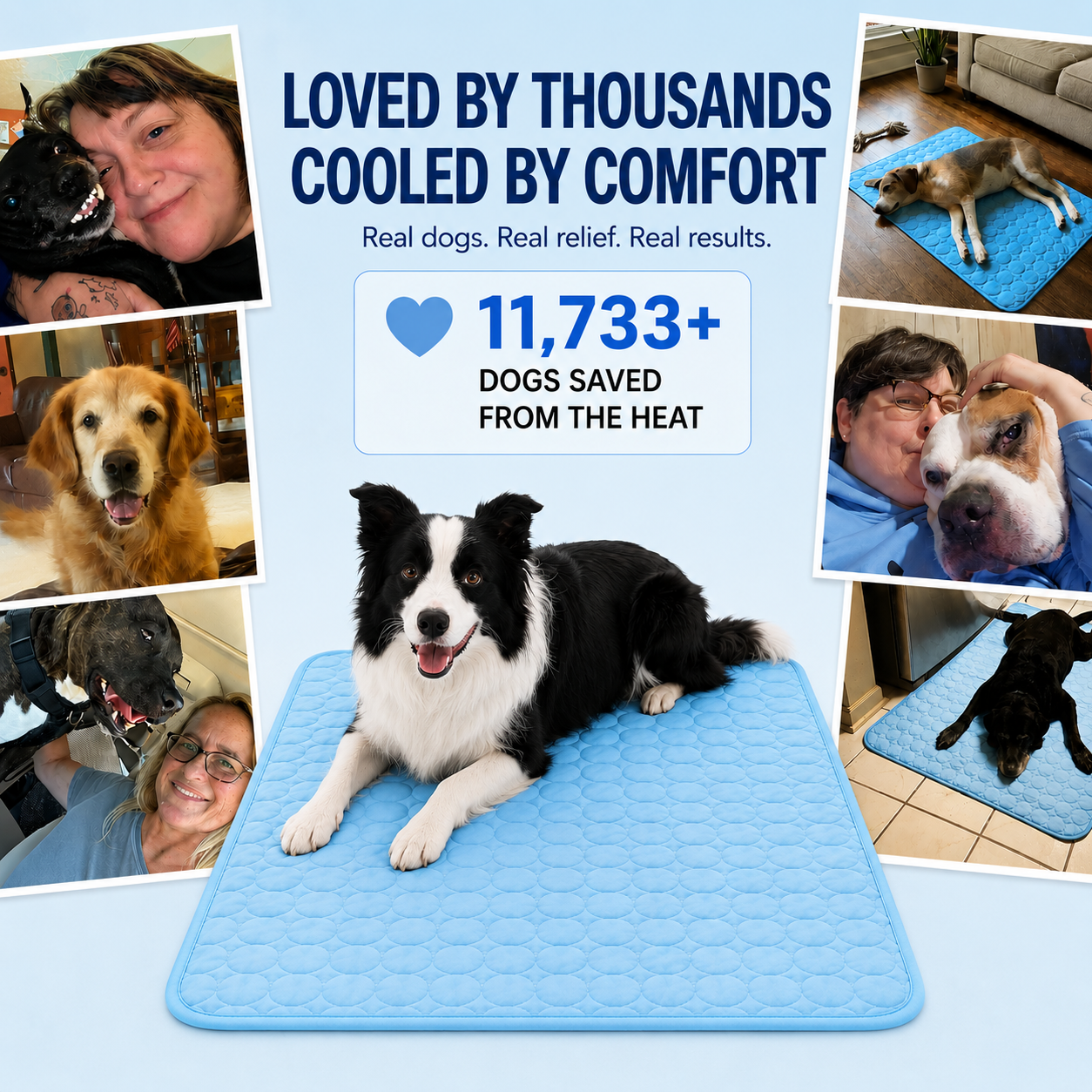 Cooling Pet Mat – Keep Your Dog & Cat Comfortable This Summer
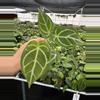 plant/Seed grown anthurium papillilaminum x Hoffmanii starter plant growers choice-1-thumbnail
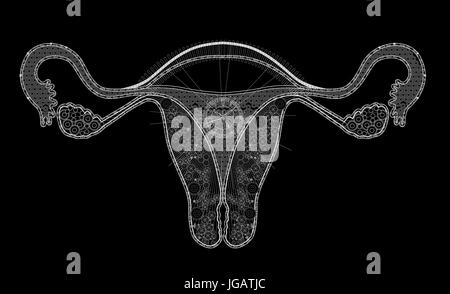 white line illustration of human female reproductive system with black background and time clock Stock Photo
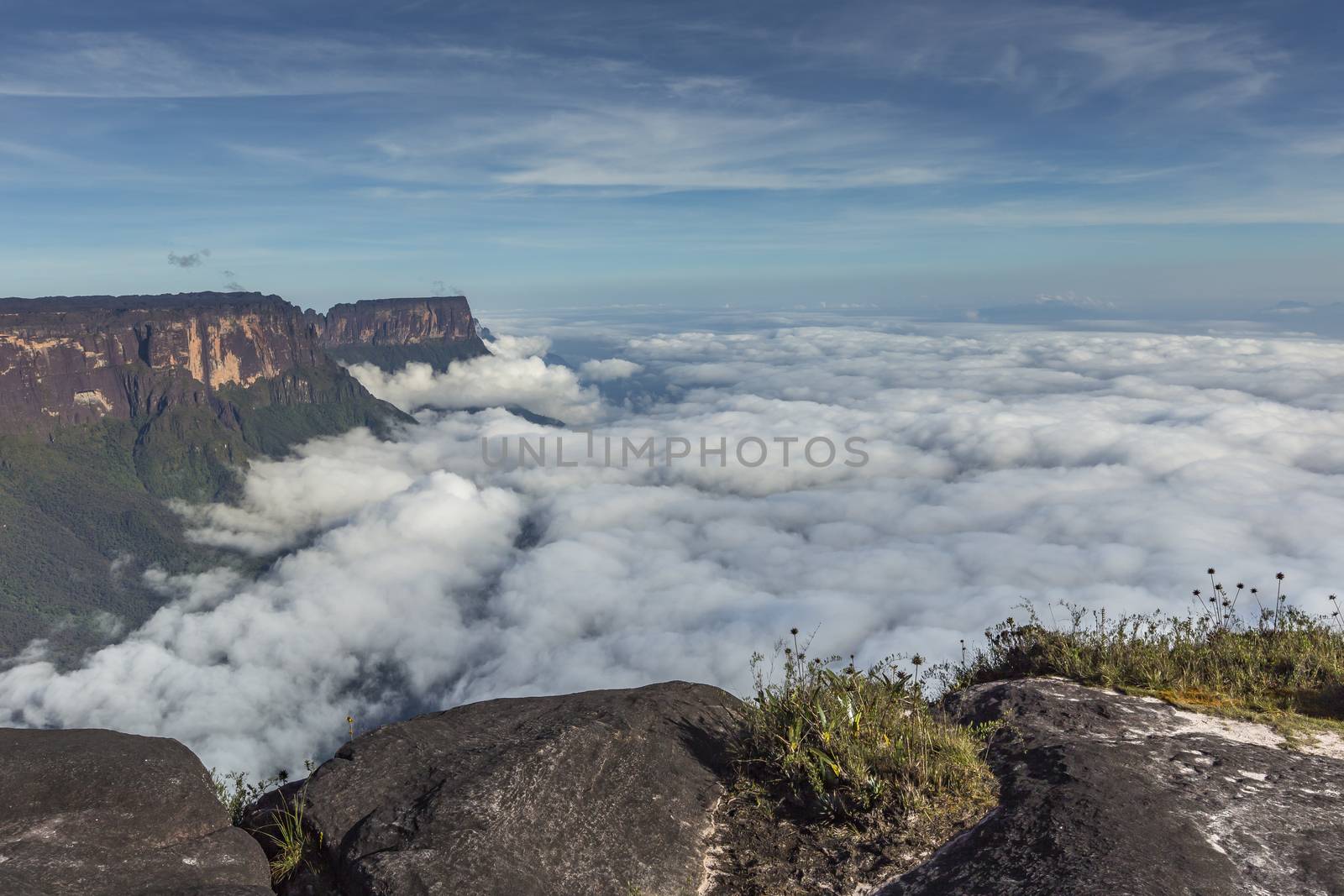 View from the Roraima tepui on Kukenan tepui at the mist - Venez by mariusz_prusaczyk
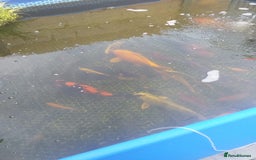 Koi Carp fish for sale: Koi carp  - Image 10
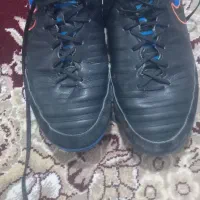 کفش سالنی تمپو x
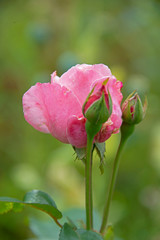 pink rose on a green background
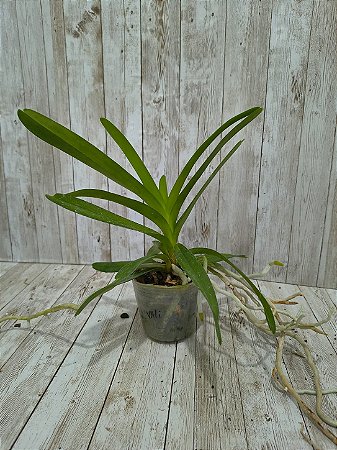 VANDA BANJONG SKY BLUE " AZUL " ( PRE ADULTA )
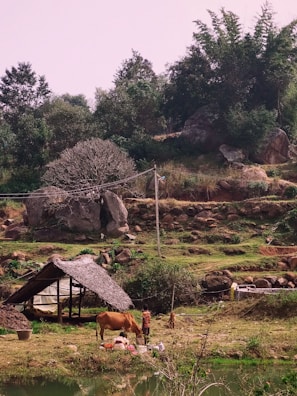 A rural landscape featuring a thatched shelter surrounded by greenery. A cow and a goat graze nearby, with a person standing close to them. In the background, there are large rocks and densely clustered trees. The ground appears uneven with grassy patches and some bare earth.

* BRIEF: Word for word, return the records shown above without their pictures.

* RESPONSE TO THIS TASK:
 Cooling Pet Mat – Keep Your Dog & Cat Comfortable This Summer
 plant/Seed grown anthurium papillilaminum x Hoffmanii starter plant growers choice-1-thumbnail
 white line illustration of human female reproductive system with black background and time clock Stock Photo
 View from the Roraima tepui on Kukenan tepui at the mist - Venez by mariusz_prusaczyk
 Koi Carp fish for sale: Koi carp  - Image 10
 کفش سالنی تمپو x
 pink rose on a green background
 VANDA BANJONG SKY BLUE " AZUL " ( PRE ADULTA )
 A rural landscape featuring a thatched shelter surrounded by greenery. A cow and a goat graze nearby, with a person standing close to them. In the background, there are large rocks and densely clustered trees. The ground appears uneven with grassy patches and some bare earth.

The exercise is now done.